正直「武道館」は自分が好きなアイドルが一部モチーフになっていることもあり、あまり客観的に読むことができませんでした。たぶんあえてファン側の気持ちは画一的に描かれていたのだと思うのだけど、そんなことないよー! みたいな気持ちになる部分も多く、かなり躓きながら読んだと思う。
対してこの「何者」は描かれているのが大学生の就職活動であるということもあり、ある程度は客観的な視点で読み進めていました。
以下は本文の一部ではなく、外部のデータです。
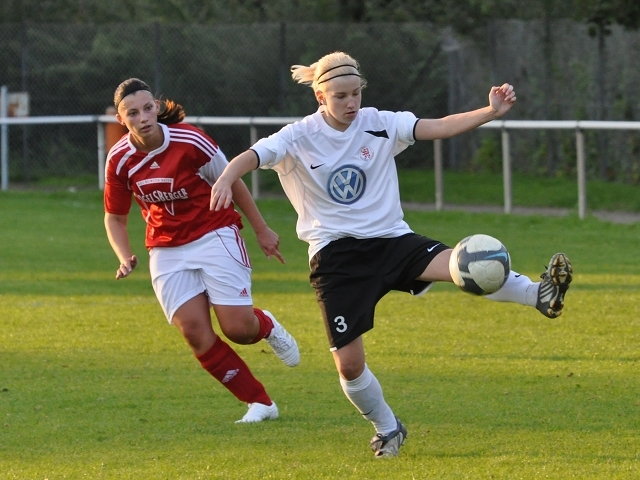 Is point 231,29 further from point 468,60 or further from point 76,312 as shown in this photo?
point 76,312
でもそれが結局、また物語に巻き込まれる結果を招くとは思いもよらなかった。

「何者」は、就職活動で見せる自分の表裏と、SNSでの表裏を描いたお話。
自分は転職含め就職活動を計3回やっているので、就職活動はもう二度とやりたくないなーしんどいよねーと、ある程度は主人公たちに同調するような気持ちで読んでいた。
同時並行で描かれていた、SNSで語られる自分と実際の自分の齟齬みたいなものについても、自分の学生時代、特に就職活動をやっているような時期にSNSがなくてよかったなとしか感じていなくて、
だから終盤「そうやって自分には関係ありませんよ、みたいな顔してんじゃないよ」って胸倉掴まれるみたいな展開になって、最後はほとんどおそるおそる読んでいたと思う。

ただ、自分のSNSというものに対する感じ方は、この本で描かれているものとは少し違うような気もした。

ほんとうにたいせつなことは、ツイッターにもフェイスブックにもメールにも、どこにも書かない。ほんとうに訴えたいことは、そんなところで発信して返信をもらって、それで満足するようなことではない。/p174

ほんとうにそうだろうか、と思う。
何者でもない自分だとしても、だからこそ、特定の誰かに向けているわけではない言葉に、何らかの核心はあるのではないかと、私はまだ思っている。